In an early attack, Iran reportedly destroyed several advanced THAAD radar stations — four out of the US global total of eight — blinding one of America’s most sophisticated missile defence systems. As bne IntelliNews reported, the US is now being forced to redeploy THAAD radar stations from the Indo-Pacific region, shipping them to the Middle East.
It was also reported on March 14 that Iranian missiles are destroying critical US Air Force assets faster than they can be replaced. Since the short 12-day war with Israel last year, Iran has significantly upgraded the technology of its drones and reportedly switched from US GPS guidance to the Chinese BeiDou satellite network, which has improved their ability to avoid electronic warfare countermeasures and increased missile accuracy.
In one video released last week of an Iranian missile attack on a US base, the missile reportedly avoided sophisticated Patriot interceptor missiles and hit its target.
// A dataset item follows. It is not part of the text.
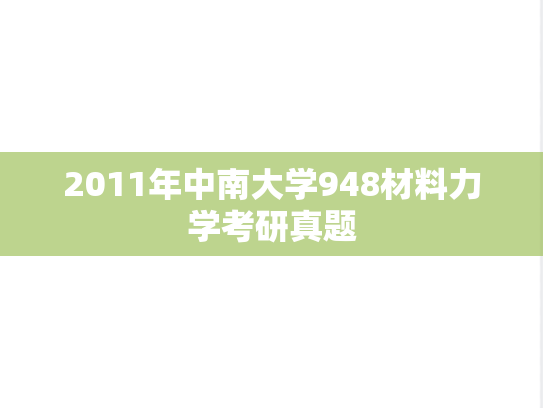 2011年中南大学948材料力学考研真题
If Operation Epic Fury plays out in a similar way to the Atreides’ attack on the Emperor of the Known Universe, then Iran’s leadership may hope not only to withstand the US assault but to emerge strengthened. If Iran keeps control of the Straits of Hormuz and imposes what will be in effect a sanctions system that only allows the spice to flow to “friendly countries,” Iran’s Supreme Leader emerges as the Kwisatz Haderach.